The Fed said it would start winding down its vast, $4.5 trillion balance sheer in October. It left interest rates unchanged, as had been almost universally expected, but left the door wide open to a move later this year, with market odds on a December increase now up to 75%. The central bank kept its growth forecasts unchanged but it did lower its inflation expectations. This in turn saw it lower its own expectation for rate increases out to 2019 to three from four. There was still a good deal of effective monetary tightening there, and both the US Dollar and Treasury yields rose. Asian stocks took the news gingerly. A stronger Dollar rarely causes Japan’s export titans much concern and the Nikkei duly rose 0.2%. Financials also got a lift from higher interest rate prospects, but all other major Asian bourses were in the red by the close, albeit not by much.

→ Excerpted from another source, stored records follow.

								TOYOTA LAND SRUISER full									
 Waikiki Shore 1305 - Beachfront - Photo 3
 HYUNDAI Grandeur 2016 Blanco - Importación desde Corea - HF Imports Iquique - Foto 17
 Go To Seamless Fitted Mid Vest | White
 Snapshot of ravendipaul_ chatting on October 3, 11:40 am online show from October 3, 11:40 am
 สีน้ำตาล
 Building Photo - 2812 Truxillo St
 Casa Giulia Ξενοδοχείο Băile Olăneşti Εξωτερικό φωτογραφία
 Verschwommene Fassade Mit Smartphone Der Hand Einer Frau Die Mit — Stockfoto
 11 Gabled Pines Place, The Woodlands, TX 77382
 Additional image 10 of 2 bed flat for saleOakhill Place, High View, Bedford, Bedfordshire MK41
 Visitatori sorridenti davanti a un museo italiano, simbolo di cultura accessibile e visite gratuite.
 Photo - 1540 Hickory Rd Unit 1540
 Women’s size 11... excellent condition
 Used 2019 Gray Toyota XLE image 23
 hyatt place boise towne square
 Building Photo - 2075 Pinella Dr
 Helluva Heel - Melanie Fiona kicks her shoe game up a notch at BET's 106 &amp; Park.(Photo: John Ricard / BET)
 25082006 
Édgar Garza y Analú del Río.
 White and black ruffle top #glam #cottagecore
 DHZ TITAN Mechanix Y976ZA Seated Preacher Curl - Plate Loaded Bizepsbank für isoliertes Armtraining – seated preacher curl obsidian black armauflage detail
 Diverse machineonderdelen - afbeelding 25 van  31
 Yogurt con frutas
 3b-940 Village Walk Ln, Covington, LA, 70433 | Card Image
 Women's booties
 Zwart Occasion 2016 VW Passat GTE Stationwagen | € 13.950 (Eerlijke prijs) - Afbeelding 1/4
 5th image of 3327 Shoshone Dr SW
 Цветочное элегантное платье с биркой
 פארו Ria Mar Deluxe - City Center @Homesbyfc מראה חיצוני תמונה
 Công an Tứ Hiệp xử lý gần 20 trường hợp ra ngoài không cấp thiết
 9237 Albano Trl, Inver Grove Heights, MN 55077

The Bank of Japan left its monetary settings alone, again as expected, while the Australian Dollar took a modest if barely explicable hit when Reserve Bank of Australia Governor Philip Lowe said that higher interest rates elsewhere had no “automatic link” to domestic monetary policy. Indeed, the US Dollar was broadly stronger, rising to two-week highs against the Yen, firming up still further later in the session when Bank of Japan Governor Haruhiko Kuroda recommitted to ultra-loose monetary policy until inflation rises to the 2% target, distant thought that day would appear to be.
The rest of the session will offer investors UK public finance data, US house price numbers along with continuing and initial jobless-claims figures. The Philadelphia Fed’s manufacturing survey is coming up, as are US leading indicators. European Central Bank President Mario Draghi will speak in Frankfurt while Eurozone consumer confidence data are also due.